Joshua Green in Devil's Bargain: Steve Bannon, Donald Trump, and the Storming Of The Presidency (2017) believes there is more to Bannon's politics than meets the eye. Green states that by now, Bannon's term for his politics, and Trump's--”nationalism”--was already in wide circulation in the political press. But the term's meaning was (and remains) confusing and has never been fully explicated. While Trump's embrace of “America first” nationalism was chiefly due to its resonance as a campaign slogan, Bannon's attraction to it had a far deeper and more complicated lineage.
From an early age, Bannon was influenced by his family's distinctly traditionalist Catholicism and tended to view current events against the broad sweep of history. Though hardly a moralizing social conservative, he objected bitterly to the secular liberalism encroaching upon the culture.
“We shouldn't be running a victory lap every time some sort of traditional value gets undercut,” he said in 2015. While he was still in the navy, Bannon, a voracious autodidact, embarked upon what he described as “ systematic study of the Roman catholic history first instilled in him at Benedictine, his Catholic military high school, he move on to Christian mysticism and there to Eastern metaphysics.

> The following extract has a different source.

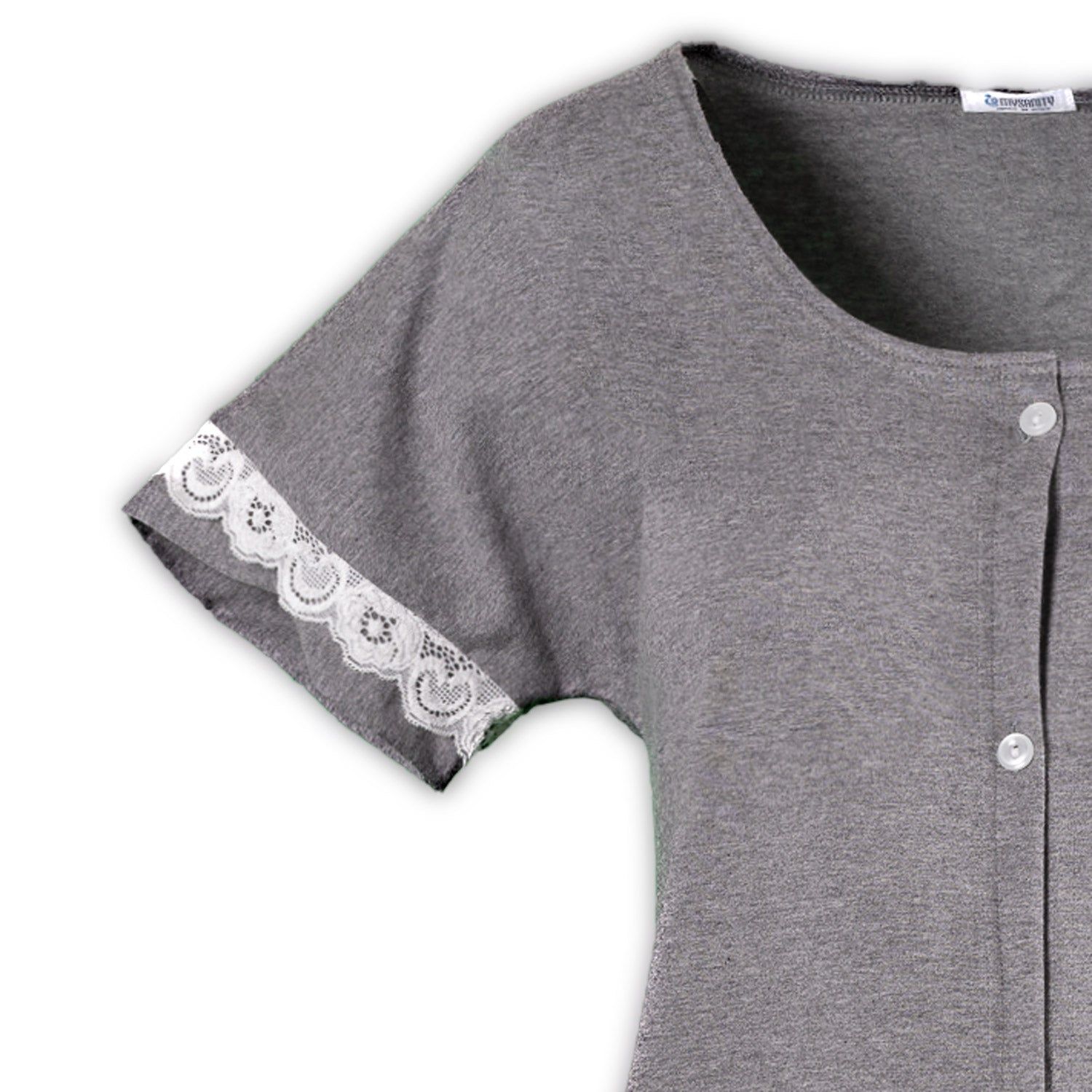 Dettaglio della camicia premaman grigio mélange. Maniche corte con pizzo bianco. Bottoni visibili.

Everywhere Bannon looked in the modern world, he saw signs of collapse and an encroaching globalist order stamping out the last vestiges of the traditional. He saw it in governmental organizations such as the European Union and political leaders such as German chancellor Angela Merkel, who insisted that countries forfeit their sovereignty, and thus their ability to maintain their national character, to distant secular bureaucrats bent on erasing national borders.

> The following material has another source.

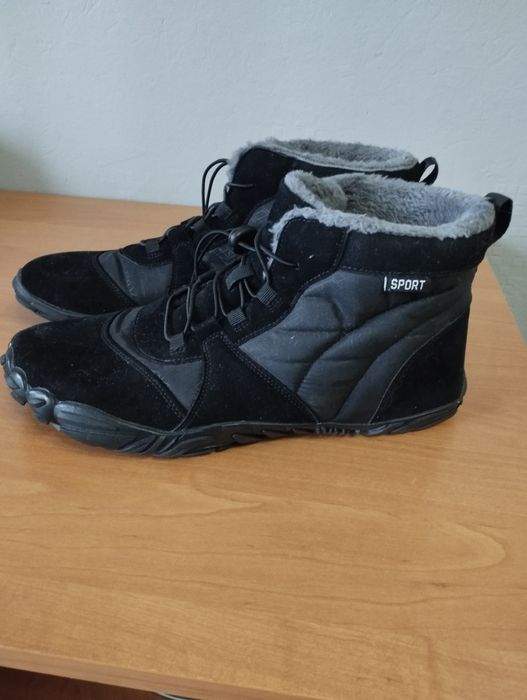 Спортивне взуття,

He saw it in the Roman Catholic Church, whose elevation of Pope Francis, “a liberal-theology Jesuit” and “pro-immigration globalist,” to replace Pope Benedict XVI so alarmed him that in 2013, he established Breitbart Rome and took a Vatican meeting with Cardinal Raymond Burke in an effort to prop up Catholic Traditionalists marginalized by the new Pope.

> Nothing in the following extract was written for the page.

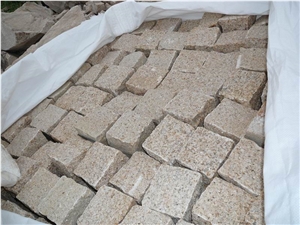 China Cheap G682 Golden Sunset Granite Nature Split Cobble Stone,Flamed Cobble Stone, Tumbled Cobble Stone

Bannon's Response To Modernity
More than anywhere else, Bannon saw evidence of Western collapse in the influx of Muslim refugees and migrants across Europe and the United States—what he pungently termed “civilizational jihad personified by this migrant crisis.” Expounding on this view at a 2014 conference at the Vatican, Bannon knit together his own racial-religious panic to cast his beliefs in historical context and added, “We are in an outright war against jihadist Islamic fascism And this war is, I think, metastasizing far quicker than governments can handle it.”
Bannon's response to the rise of modernity was to set populist, right-wing nationalism against it. Wherever he could, he aligned himself with politicians and causes committed to tearing down its globalist edifice: arch-conservative Catholics such as Cardinal Raymond Burke, Nigel Farage and UKIP, Marine Le Pen's National Front, Geert Wilders and the Party for Freedom, and Sarah Palin and the Tea Party. (When he got to the White House, he would also leverage U.S. Trade policy to strengthen opponents of the EU.) This had a meaningful effect, even before Trump. “Bannon's political entrepreneur and a remarkable bloke,” Farage said. “Without the supportive voice of Breitbart London, I'm not sure we would have had a Brexit.”